Continuity of $\sqrt{x}$

Question

If a function is not defined on a set $I \subset \mathbb{R}$ could we say that this function is not continuous on $I$ ?

For example the function $\sqrt{x}$ is not defined on $\mathbb{R}^{-}$ but can we say that this function is not continuous on $\mathbb{R}^{-}$?

I am asking this question because by definition a function is continuous on $a$ if $\lim_{x \rightarrow a} f(x) \in \mathbb{R}$, but if $a \in I$ then $\lim_{x \rightarrow a} f(x)$ doesn't exist and hence is not in $\mathbb{R}$ and thus the function is not continuous.

Answer 1

Technically speaking, the sentence "the function $f$ is continuous on $I$" implicitly means that $f$ is defined on $I$. Therefore, if $f$ is not defined on $I$, it is technically correct to say that $f$ is not continuous on $I$.

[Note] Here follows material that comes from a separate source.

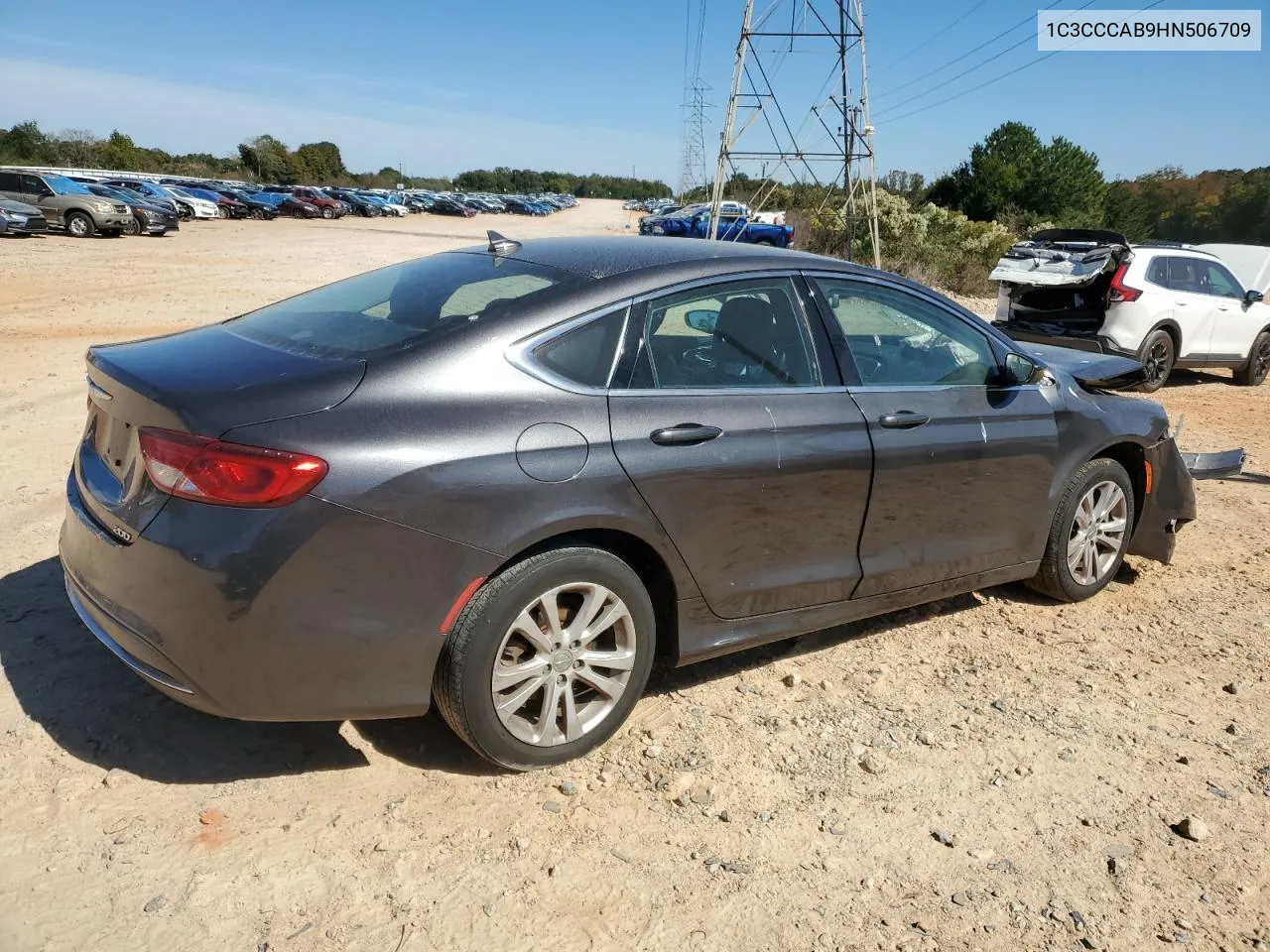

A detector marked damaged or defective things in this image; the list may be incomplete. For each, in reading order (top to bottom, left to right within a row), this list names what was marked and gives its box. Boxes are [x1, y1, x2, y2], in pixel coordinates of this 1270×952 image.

However, it is also much better to err on the safe side so just say "it is not continuous there because it is not defined".

Answer 2

The question is meaningless. It only makes sense to ask if a function $f\colon A\longrightarrow B$ is continuous if $A$ is part of the domain of $f$.

Answer 3

Definition:

A function $f:\Bbb R\to \Bbb R$ is continuous at $c\in\Bbb R$ if $\forall ε > 0,\exists δ > 0,\,|x - c| < δ \implies |f (x) - f (c)| < ε$

Now tell me, if $f(c)$ is undefined, can $f(x)-f(c)$ be defined?